Son livre autobiographique, Je suis un enfant de la balle (Jacob-Duvernet, 2007), permet de reconstruire la pop philosophie de Jacques. Le leitmotiv central de sa pensée – mais faut-il s’en étonner ? – est l’échange. De son père instituteur, qui appliquait déjà la méthode Freinet, l’adolescent retient le désir de cet échange permanent et sincère. Mais l’échange suppose la réciprocité, le dialogue, la transformation de ce par quoi l’on accepte d’être transformé. Tout le contraire de l’autoritarisme de la règle surplombante. La question de Jacques est très pratique : comment s’entraîner ? Comment apprendre sans répéter la norme préétablie ?

Quand les usines à pongistes produisent des clones dans le plus pur style taylorien et ne proposent rien d’autre que l’inculcation stricte de méthodes indifférentes aux personnes, Jacques cherche d’abord le plaisir, le décalage, l’interprétation. Il en déduit que la répétition ne vaut que si elle est vécue comme une re-création. Et si le ping-pong est bien, à ses yeux, l’école de l’« adaptation perpétuelle à une situation changeante », adaptation ne signifie pas adoption d’une nouvelle règle tombée du ciel, sans échange, mais ré-action motivée, désirée, devant conduire à la relecture de l’ancien. C’est-à-dire encore, invention du nouveau. Dès lors, l’apprentissage par la créativité du jeu – en d’autres termes, la recherche d’un style propre, celui qui, précisément, permet de s’adapter – devient indissociable du processus de construction d’un « je » créatif, au plus près de soi-même. Tout vibre ensemble. La personne et le sport.

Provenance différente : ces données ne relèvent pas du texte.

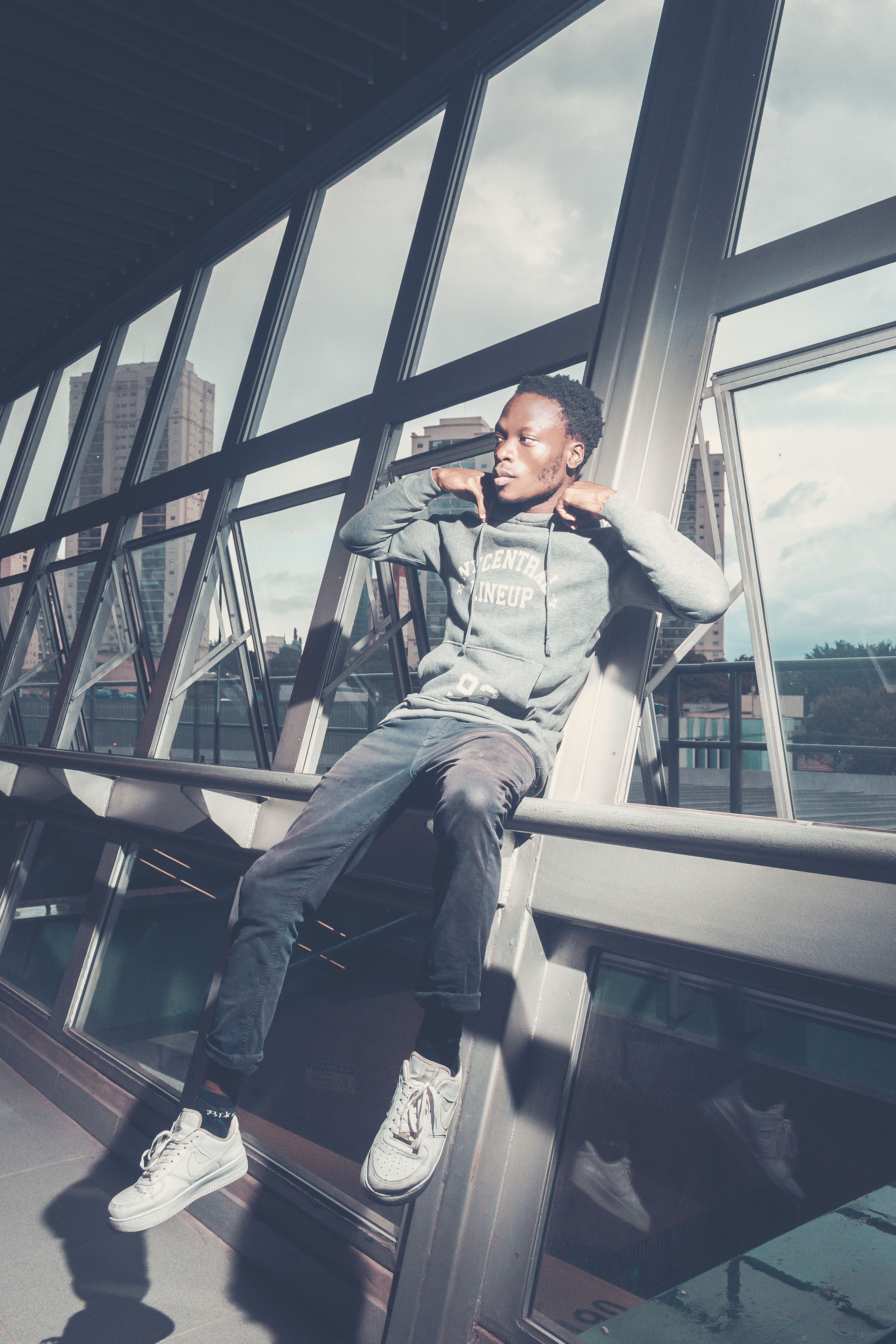Young man in casual hoodie sitting by modern windows indoors.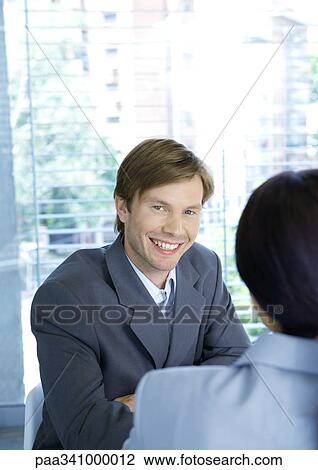 Businessman smiling at camera View Large Photo Image Stock Image - Businessman smiling at camera. Fotosearch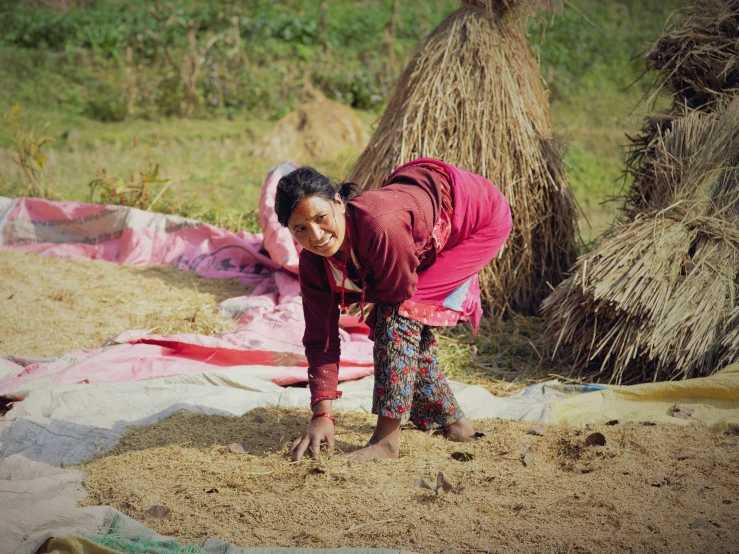 the woman smiles as she crouches by the pile of brown sand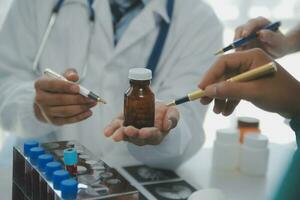 Cropped image of successful medical doctors discussing diagnosis during the conference photo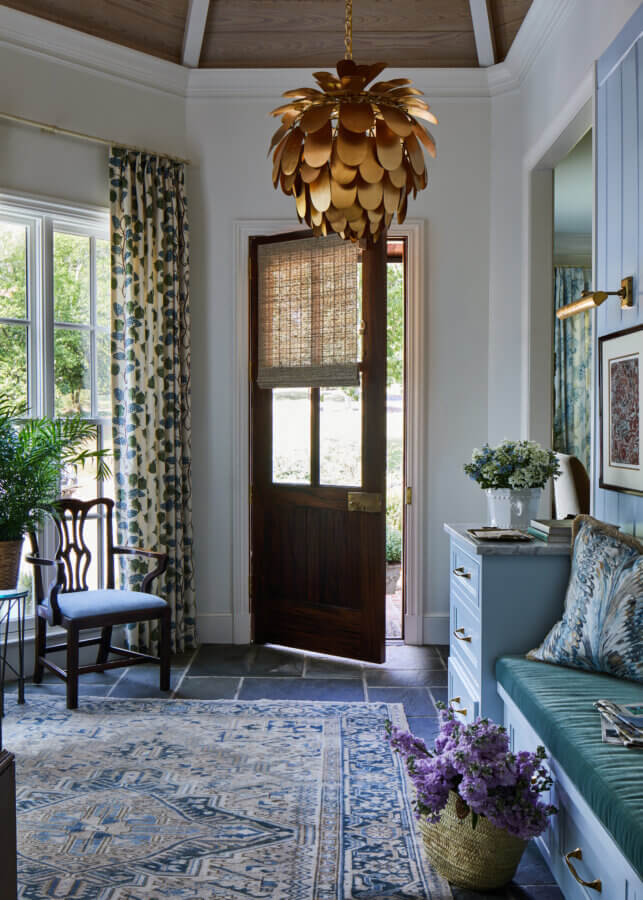Something Old, Something New: How Ellie Christopher Makes Antiques Feel Fresh - 11 Entry way in shades of blue with a brown overhead light fixture
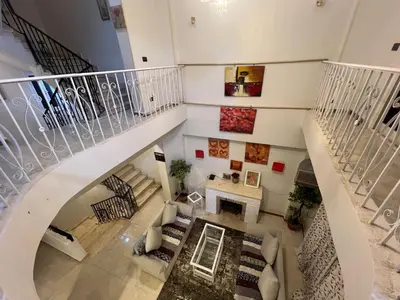an overhead view of a staircase in a house at Mohamed Home in Jazīrat al ‘Awwāmīyah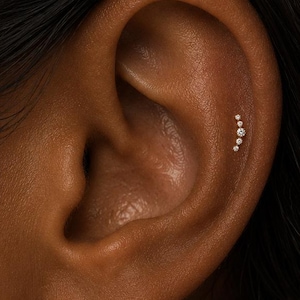 May include: A gold-toned curved cartilage earring featuring five small, clear, round-cut stones arranged in a graduated size pattern. The jewelry is positioned along the upper ridge of the ear, following the natural curve of the cartilage.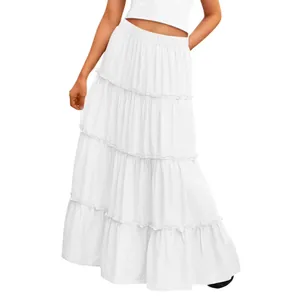 Side view of a white tiered maxi skirt featuring a comfortable elastic waistband detail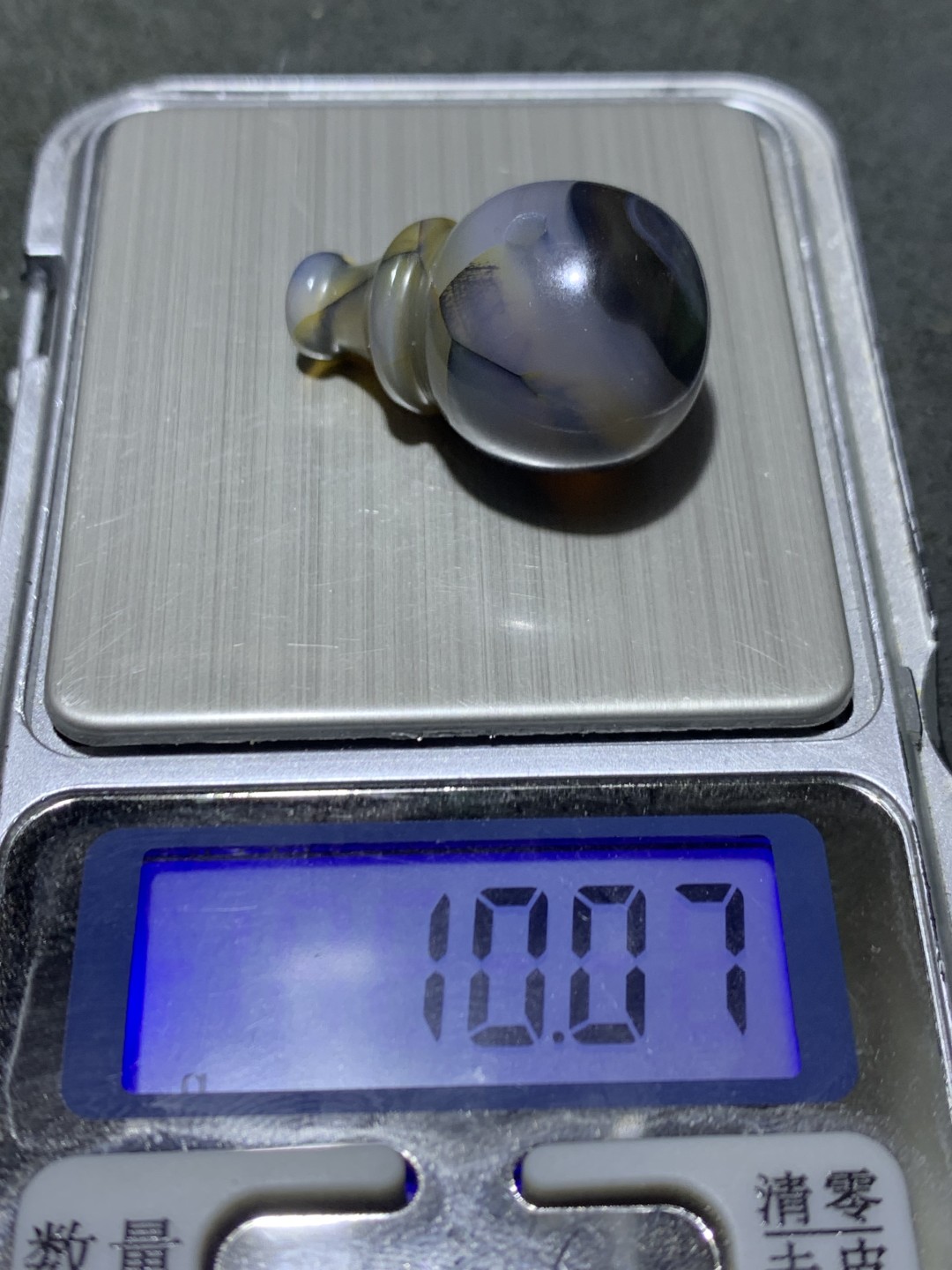 精美龟裂纹九眼页岩一体佛头三通一颗！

Soi et l’échange avec autrui.

« La compétition, c’est un partage plus qu’un affrontement »

A l’évidence, ce processus appelle primordialement la compréhension de l’autre, de ce qu’il pense, croit et imagine. Se comprendre soi-même, c’est faire mille fois l’expérience de l’autre, entrer en lui, tant dans sa psychologie que dans sa culture. Mais y entrer avec fair-play, sans effraction, honnêtement, avec soin et respect, jusqu’au don de soi. Y compris et d’abord en compétition : « La compétition, c’est un partage plus qu’un affrontement », écrit-il encore. Et à vrai dire, cette compétition n’est pas la fin ultime. Elle n’est qu’une fin-en-vue qui jalonne le long chemin du développement personnel.

En définitive, rien ne saurait éclipser la qualité de l’échange, premier moteur et visée obsessionnelle : ni la victoire, encore moins si elle n’apporte aucune émotion profonde, ni l’appât du gain – surtout pas. En somme, seul compte l’échange comme école permanente de la vie, et donc le beau jeu vécu en tant qu’interaction créative avec autrui. C’est pour cela qu’il faut s’entraîner et s’entraider : pour vivre et revivre cet « intense échange physique et intellectuel ». Le pop philosophe Jacques l’a dit, la pop star Secrétin l’a joué.